New details have been discovered about the ability of water to split into two different liquids. 

Researchers in Europe have examined the behaviour of molecules in pressurised liquid water, placed under conditions that would usually cause it to crystallise into snowflakes.

Back in 1992, researchers theorised that water could undergo a liquid-liquid phase transition under supercooled conditions. 

Unlike everyday examples of phase transitions in water between a solid or vapour phase and a liquid phase, a liquid-liquid phase has been extremely difficult to spot. 

But new evidence, published in Nature Physics, represents a significant step forward in confirming the idea, based on research by a member of the original 1992 research team. 

The new team at the University of Birmingham and Sapienza Università di Roma used computer simulations to help explain what features distinguish the two liquids at the microscopic level. 
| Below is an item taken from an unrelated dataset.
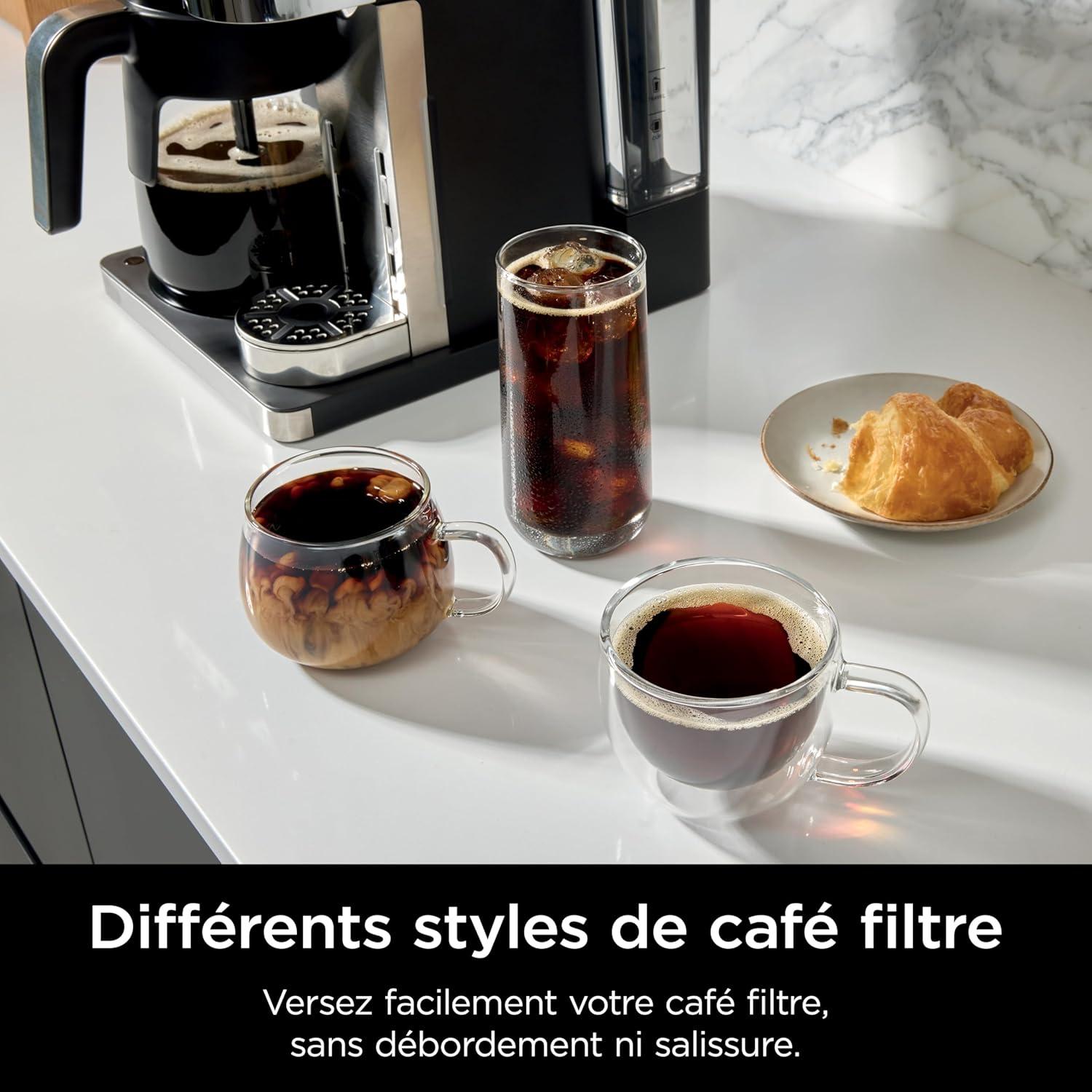 image:imageNinja Prestige Machine caf filtre et capsules 2en1 Ninja Prestige avec buse lait intgre pour raliser lattes cafs glacs et flat whites Noir CFN802EU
They found that water molecules in high-density liquid form arrangements that are considered to be “topologically complex”, such as a trefoil knot (molecules arranged in such a way that they resemble a pretzel) or a Hopf link (resembling two links in a steel chain). The molecules in the high-density liquid are thus said to be ‘entangled’.

In contrast, the molecules in the low-density liquid mostly form simple rings, and hence the molecules in the low-density liquid are unentangled.
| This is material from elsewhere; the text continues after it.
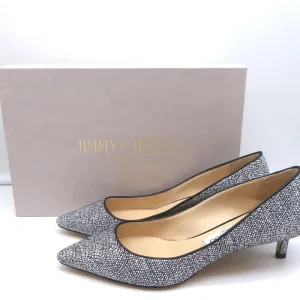Jimmy Choo Romy 40 Pumps Chalk Woven Raffia Size 37 Pointed Toe Heels NEW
The researchers used a colloidal model of water in their simulation, and then two widely used molecular models of water. 

Colloids are particles that can be a thousand times larger than a single water molecule. By virtue of their relatively bigger size, and hence slower movements, colloids are used to observe and understand physical phenomena that also occur at the much smaller atomic and molecular length scales.

It enabled the team to, the first time, present a view of the liquid-liquid phase transition based on network entanglement ideas.

“Water, one after the other, reveals its secrets!” exclaims Dr Francesco Sciortino, a member of the 1992 research team. 

“Dream how beautiful it would be if we could look inside the liquid and observe the dancing of the water molecules, the way they flicker, and the way they exchange partners, restructuring the hydrogen bond network. 

“The realisation of the colloidal model for water we propose can make this dream come true.”

The team says their modelling can pave the way for new experiments to validate the theory and extend the concept of ‘entangled’ liquids to other liquids such as silicon.

Dr Pablo Debenedetti - a world-leading expert in this area of research - says it is an important step. 

“This beautiful computational work uncovers the topological basis underlying the existence of different liquid phases in the same network-forming substance,” he says. 

“In so doing, it substantially enriches and deepens our understanding of a phenomenon that abundant experimental and computational evidence increasingly suggests is central to the physics of that most important of liquids: water.”